_Work task:_
Starting with the line with "Versace - Belt/Burgundy Leather - Lyst" in the entries below and going on through the line with "10 Pack Pilot", output every line exactly and nothing more. No pictures.

_Input for this task:_
--------
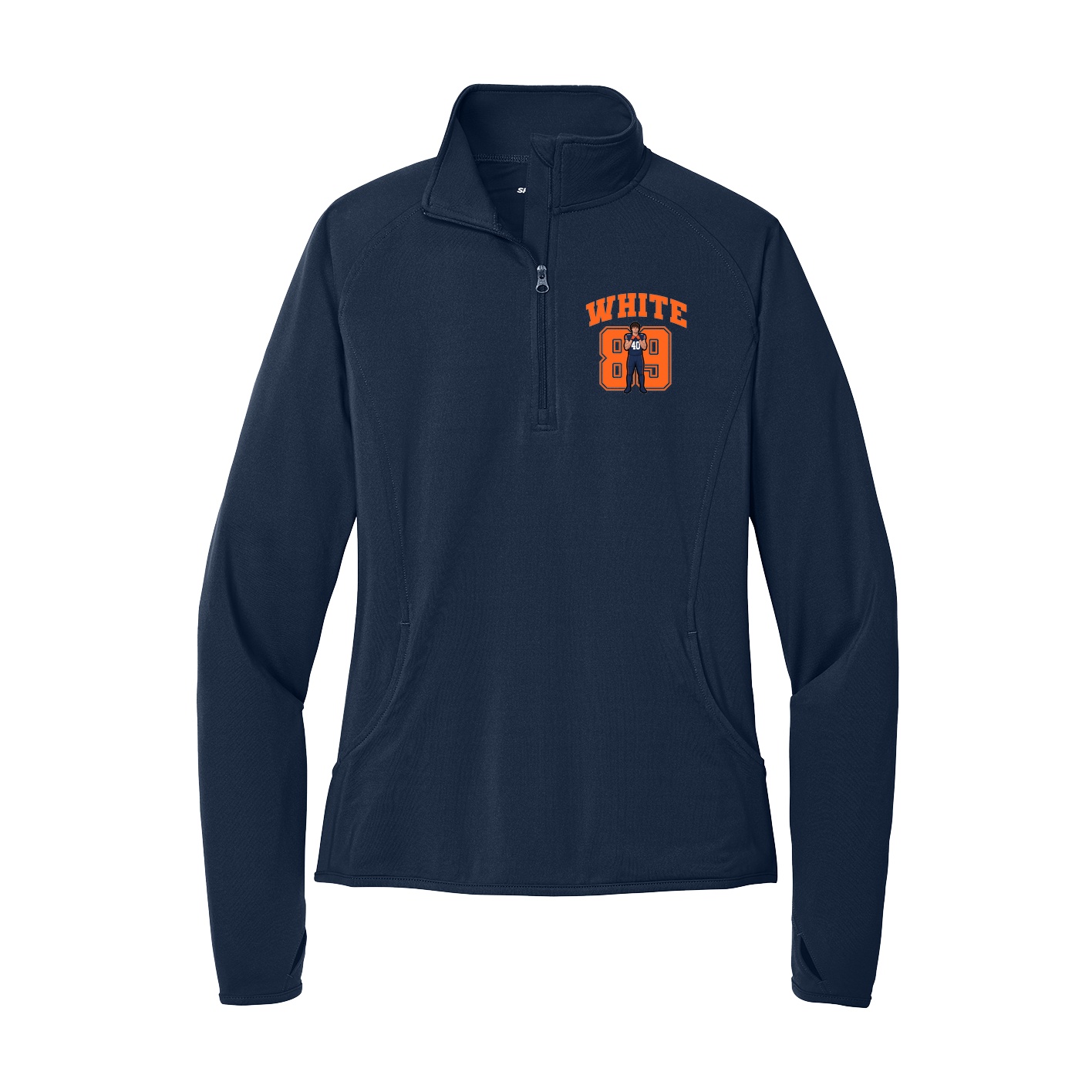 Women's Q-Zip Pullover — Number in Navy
--------
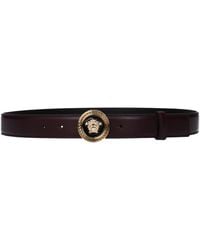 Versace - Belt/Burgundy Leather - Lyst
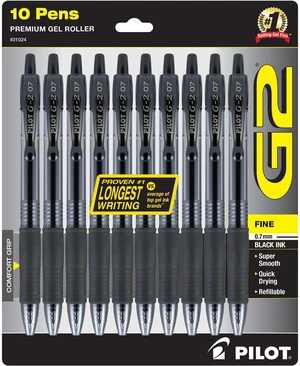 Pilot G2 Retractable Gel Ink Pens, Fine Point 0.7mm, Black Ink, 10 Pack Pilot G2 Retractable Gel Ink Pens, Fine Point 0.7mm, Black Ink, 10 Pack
--------
_Written response:_
 Versace - Belt/Burgundy Leather - Lyst
 Pilot G2 Retractable Gel Ink Pens, Fine Point 0.7mm, Black Ink, 10 Pack Pilot G2 Retractable Gel Ink Pens, Fine Point 0.7mm, Black Ink, 10 Pack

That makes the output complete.